I just left a comment with some context; I don't know that anything else has happened.

thx1111 commented 2 years ago

I haven't read anything here that seems to justify breaking with the familiar pattern, "\://\/\" or injecting a lot of special characters into the URL, or mimicking an IPv6 address. The protocol is simply "http". The domain is right there in the name, "Unix Domain Socket". Like any other top level domain - net, com, org - the domain is simply "unix". I don't know any reason that a web browser application cannot parse the domain from a URL, recognize a nonstandard domain name, and invoke a special handler for a non-network socket. The difficulty seems to be in distinguishing the path to the socket from the path to the resource file.

The "HTTP with socket path as the port" option, above, makes the most sense. And since a special handler must already be invoked for this "unix domain", I expect that colons - ":" - can continue to be used as the "port" separator for the socket path.

Altogether, that suggests a straightforward URL, as in: "http://unix:/var/run/server/ht.socket:/path/to/resource.html".

Is there any reason that those repeating ":/" character sequences would pose a problem in a URL?

This approach would not impose any limitation on the use of ":" in the resource path name, since a "unix domain" must be followed by a socket path, and that path will always be delimited by ":/". Any subsequent colons must then be part of the resource path name.

And, of course, this URL format still supports specifying any arbitrary protocol, served through a unix domain socket. And there is nothing redundant or misleading in the URL, as would be the case with any format requiring the name "localhost" or involving special parameter passing.
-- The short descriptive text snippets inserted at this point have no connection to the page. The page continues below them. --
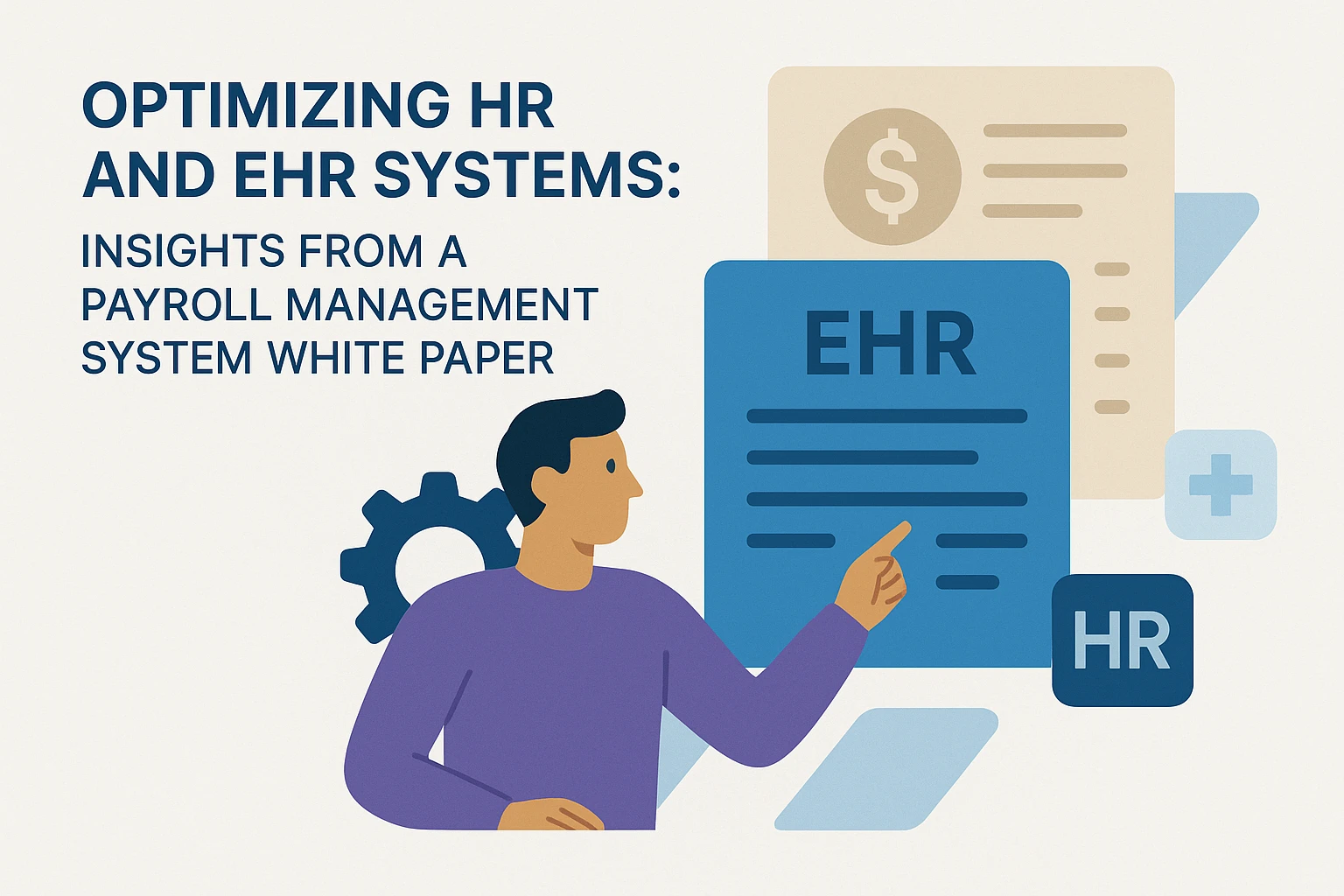 优化人事系统与EHR系统：薪资管理系统白皮书解析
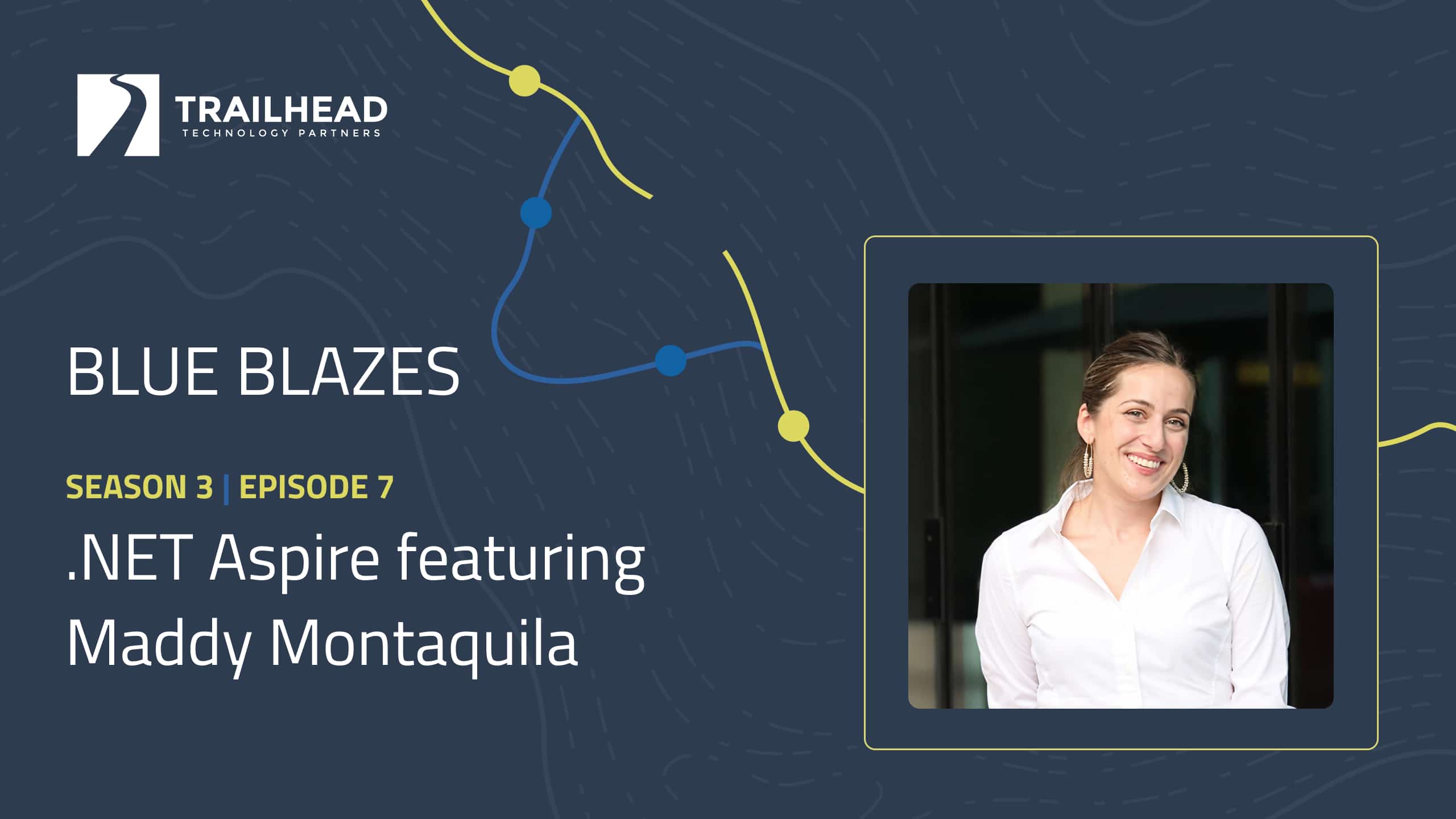 S03E07: .NET Aspire – featuring Maddy Montaquila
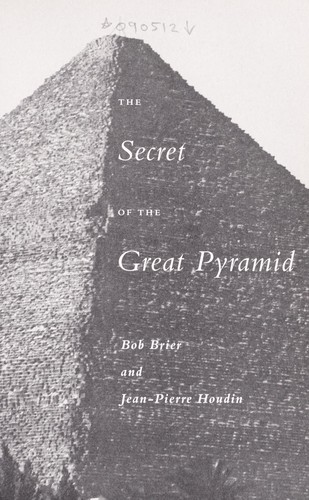 Bob Brier: The secret of the great pyramid (2008, Smithsonian Books/Collins, HarperCollinsPublishers)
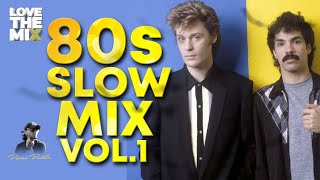 80s SLOW MIX VOL 1  80s Classic Hits  Ochentas Mix by Perico Padilla 80smix 80s 80smusic [upl. by Bunce]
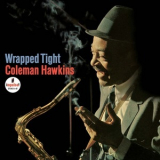 Coleman Hawkins - Wrapped Tight '1965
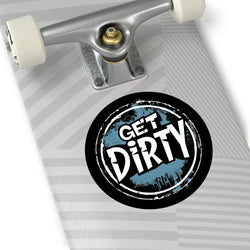 Get Dirty- Xtreme Riderz- Round Vinyl Stickers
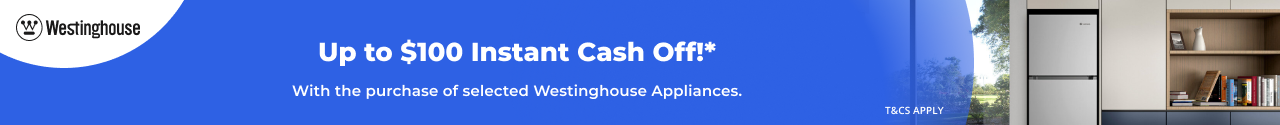 Up to $100 Instant Cash off with selected Westinghouse Appliances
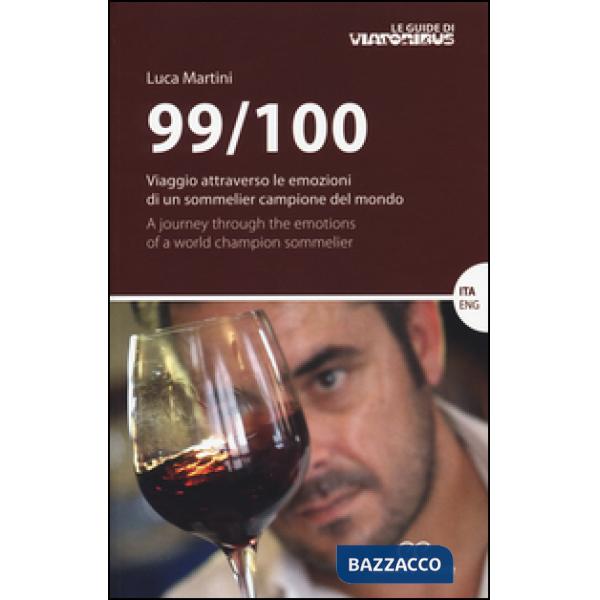 99/100. Viaggio attraverso le emozioni di un sommelier campione del mondo. Ediz.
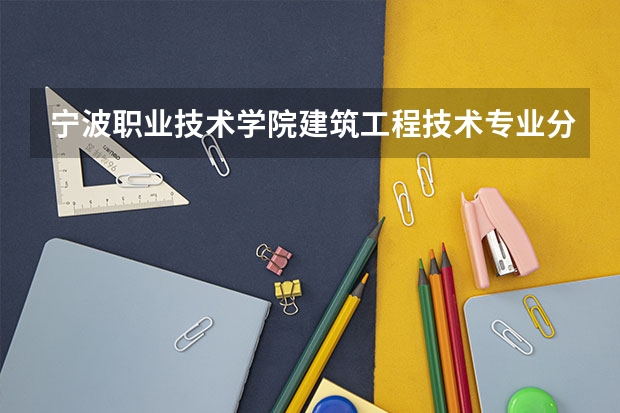 宁波职业技术学院建筑工程技术专业分数线是多少(近三年分数线一览)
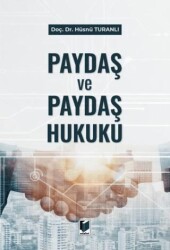 Paydaş ve Paydaş Hukuku - Adalet Yayınevi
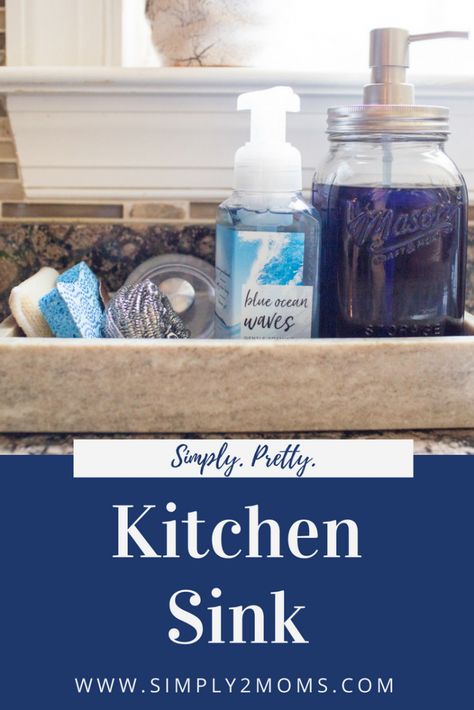 Dress Up Your Kitchen Sink | www.simply2moms.com | Simple steps to make kitchen sink necessities look prettier. #kitchensink #organization #soapdispenser #simpledecor Kitchen Caddy Ideas Sinks, Island Sink Organization, Sink Caddy Ideas, Kitchen Sink Soap Tray Ideas, Kitchen Sink Soap Tray, Kitchen Sink Shelf, Organize Kitchen Sink, Kitchen Sink Area, Kitchen Soap Tray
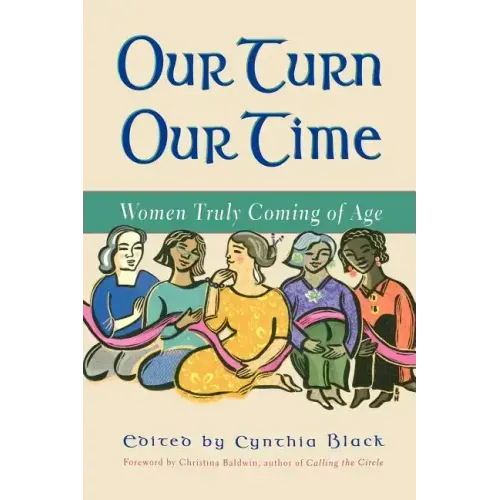 Our Turn Our Time: Women Truly Coming of Age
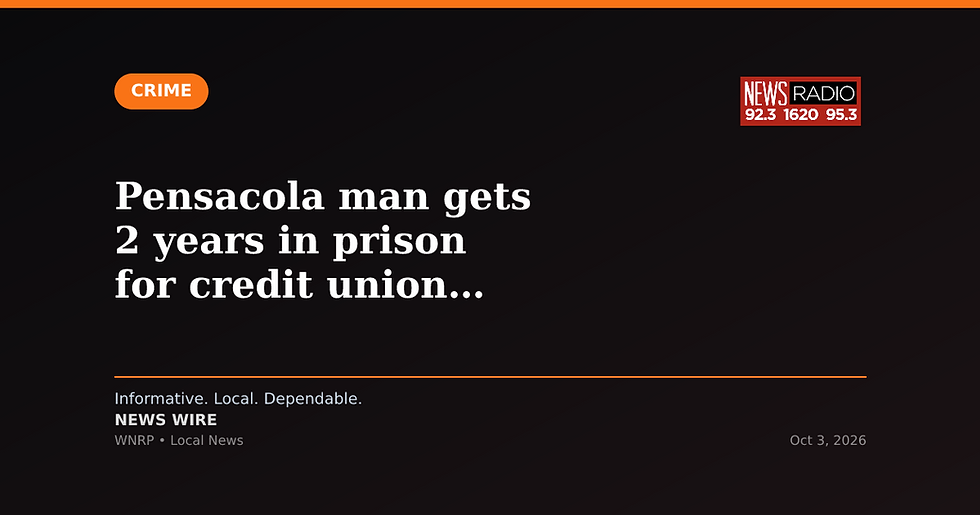 Pensacola man gets 2 years in prison for credit union fraud scheme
michael-o commented 2 years ago


rkjnsn commented 2 years ago

@michael-o, that doesn't provide any means to specify the resource path, as it is putting the path to the socket where the resource path should go.

agowa commented 2 years ago

(@thx1111 ":/" would be a valid filename on jfs...)

I think there are only two acceptable solutions:

I'd prefer the first one.

michael-o commented 2 years ago

@michael-o, that doesn't provide any means to specify the resource path, as it is putting the path to the socket where the resource path should go.

True, my bad. One could use exclamation mark just like Java uses to address resources inside a JAR with a URL.

agowa commented 2 years ago

Exclamation mark would still be a valid char that could be within a path...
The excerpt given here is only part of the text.